Mean DJF cyclone maximum intensity (in 10−5 s−1) for the Northern Hemisphere (NH) (a–b) and Southern Hemisphere (SH) (c–d). The left column is for the 1958–1978 period, while the right column is for the 1979–2002 period. Results are extensions from Hoskins and Hodges [2002, 2005] and Hodges et al. [2003, 2004].

[28] 1. The current study uses the cyclone tracking algorithm of Hoskins and Hodges [2002, 2005] while the latter uses that of Serreze [1995] and Serreze et al. [1997]. Notably, the tracking algorithm employed here is based on 850 hPa relative vorticity, while the tracking performed by Wang et al. [2006] uses MSLP. The latter is particularly sensitive to the large-scale background conditions (such as semipermanent pressure systems). To reduce this sensitivity, Wang et al. [2006] use the local Laplacian of MSLP as the measure of cyclone intensity.

[29] 2. The current analysis includes JRA-25, which was not discussed by Wang et al. [2006].

[30] 3. Contrary to the claim by Wang et al. [2006], the analysis presented here and revised by Hodges et al. [2004] also use a 2.0° maximum separation distance to identify matching cyclones between the various reanalyses.

[31] Figure 14 clearly shows that the reanalyses are in fairly good agreement for the maximum intensity distributions regardless of the time period considered in the NH. However, there is less agreement in the SH (Figure 14c), because of the problems seen in the reanalyses prior to the modern satellite era (Figures 12).

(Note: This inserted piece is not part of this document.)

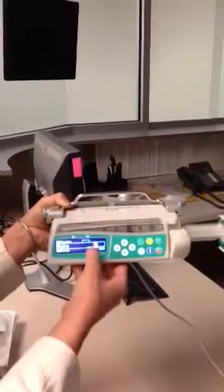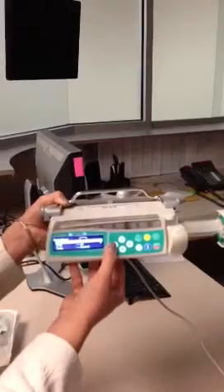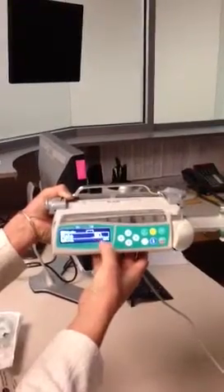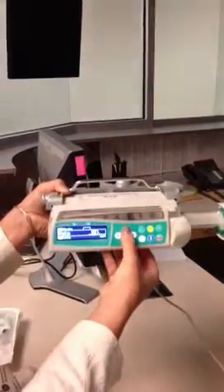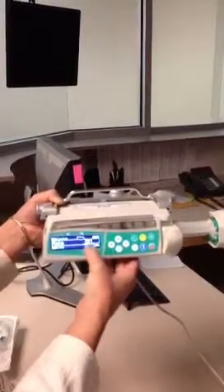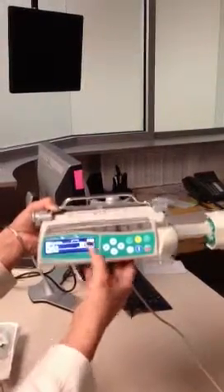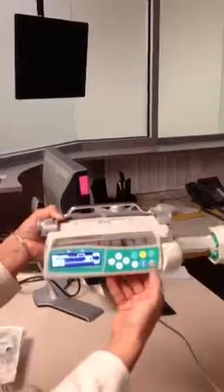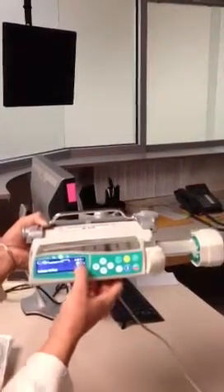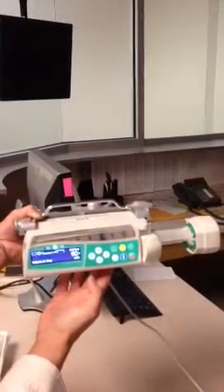You have your ones column and your tens column. Left arrow over to the tens column because we're going to enter in 60 mLs per hour. Up arrow to enter a 6 in the tens column — now we've entered 60 mLs per hour. We know we can start because there's a start icon at the right-hand side of the screen. I can start my infusion — I'm running 60 mLs per hour. I know I'm running because I've got arrows at the right-hand side of the screen and a green light at the top of the pump.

[32] To make a system-by-system comparison, the maximum intensity (in 850 hPa relative vorticity, units 10−5 s−1) for matched (cases where the identical system is identified in both reanalyses; see Bengtsson et al. [2004b] for details) and unmatched cyclones for winter are plotted for the period before and during the modern satellite era for both the NH (DJF, Figures 15a–15b) and the SH (JJA, Figures 15c–15d) for ERA-40 and NCEP1. In the NH there is a good correspondence between systems of moderate to high intensity with only a modest improvement going into the modern satellite era. Notably, the intensity of the unmatched systems is at the weak end of the distribution, suggesting that these are likely to be small cyclones that differ between the reanalyses because of differences in the data assimilation and models. In the SH, very few systems are matched between ERA-40 and NCEP1 during the winter season for the presatellite period, when the errors of the two reanalyses are the largest (Figures 12). Moving to the modern satellite era, the number of matches improves dramatically, but there are still as many unmatched systems as matched ones. The unmatched systems have a broader distribution than in the NH, although it is still the more intense systems that match best. Additionally, the intensity even of matched systems is more different between the two reanalyses in the SH than in the NH, even during the modern satellite era, reflecting the differences seen in Figure 14. This suggests that storm tracking in the SH is highly dependent on the reanalysis employed, which is not surprising given that the reanalyses produce quite different trends of the SAM (which monitors the strength of the meridional pressure gradient in the SH) during austral winter (Tables 3 and 4). Similar findings for the modern satellite era are obtained when matching is performed between ERA-40 and JRA-25 (not shown), though JRA-25 is more comparable to ERA-40 than NCEP1, reflecting the greater similarities between the ERA-40 and JRA-25 systems in terms of data assimilation and model resolution. In particular the number of matches in the SH after 1979 is significantly better than for NCEP1, probably reflecting the similarity in the methods used to assimilate the satellite radiances (Table 1).

Figure 15.

Mean winter cyclone intensity (in 10−5 s−1) for 1958–1978 (a and c) and 1979–2002 (b and d) based on the number of matched systems between the reanalyses. Plots for the NH DJF are in Figures 15a and 15b; plots for the SH JJA are in the Figures 15c and 15d.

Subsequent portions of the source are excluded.